We currently have an unprecedented ability to profile the genetic- and pathway-level changes that occur in cancer. Yet, clinicians lack the diverse arsenal of drugs needed to treat subpopulations of patients more effectively, reduce side effects and offer second-line treatment when drug resistance emerges. There is a pressing need to dramatically increase the repertoire of drugs available to fight cancer. Advances in automated microscopy and computer vision, allow the widespread use of phenotypic profiling in early drug discovery. In this grant, we address two challenges. First, the power of phenotypic profiling has led to a growing number of large, disparate image datasets.

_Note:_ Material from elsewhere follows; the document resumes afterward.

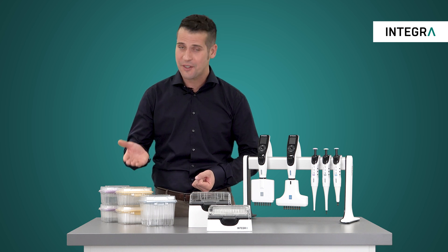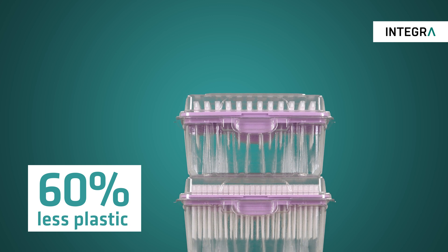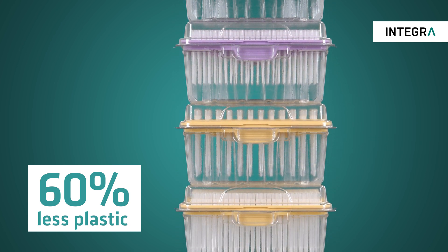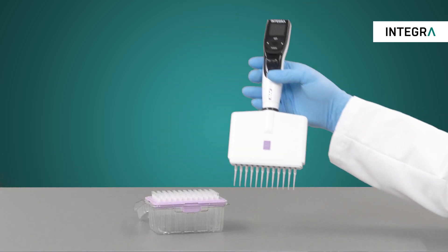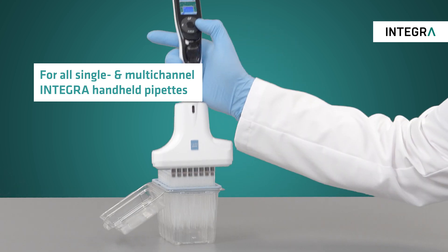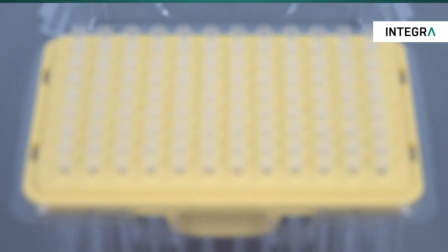Integra now offers Eco-Racks, which reduce plastic rack material by more than 60%. Eco-Racks contain the same high-quality Integra grip tips in an eco-friendly rack for use with all Integra handheld pipettes. These reduced plastic racks are designed to withstand tip loading forces from all Integra single and multi-channel handheld pipettes and are available in both 96 and 384 configurations.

In aim 1, we will develop machine-learning approaches that combine disparate datasets to obtain accurate predictions of uncharacterized compound function. Second, phenotypic screens can identify candidate compounds across multiple, diverse pathways, but often only use a single cancer cell line.
In aim 2, we will develop strategies to identify minimal collections of cell lines that maximize detection of small molecule activities. Successful execution will: increase the power of phenotypic profiling by harnessing existing phenotypic screening datasets and providing a rational approach for selecting cell lines that maximize the chance of discovering hits in desired pathways.

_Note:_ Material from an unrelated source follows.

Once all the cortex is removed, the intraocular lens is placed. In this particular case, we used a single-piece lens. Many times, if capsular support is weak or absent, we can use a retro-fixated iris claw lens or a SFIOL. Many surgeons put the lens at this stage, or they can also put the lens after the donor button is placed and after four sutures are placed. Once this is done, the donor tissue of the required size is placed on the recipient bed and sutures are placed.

In this proposal, we will develop computational and experimental methods to maximize the power of high-throughput, microscopy-based phenotypic screens. Our studies will increase the power of phenotypic profiling by harnessing screens performed across the world, providing a rational approach for maximizing the chance of discovering hits for diverse pathways in future screens, and identifying novel compounds that expand our ability to perturb cancer-relevant pathways. Our proposal is designed to accelerate the pace of early drug discovery.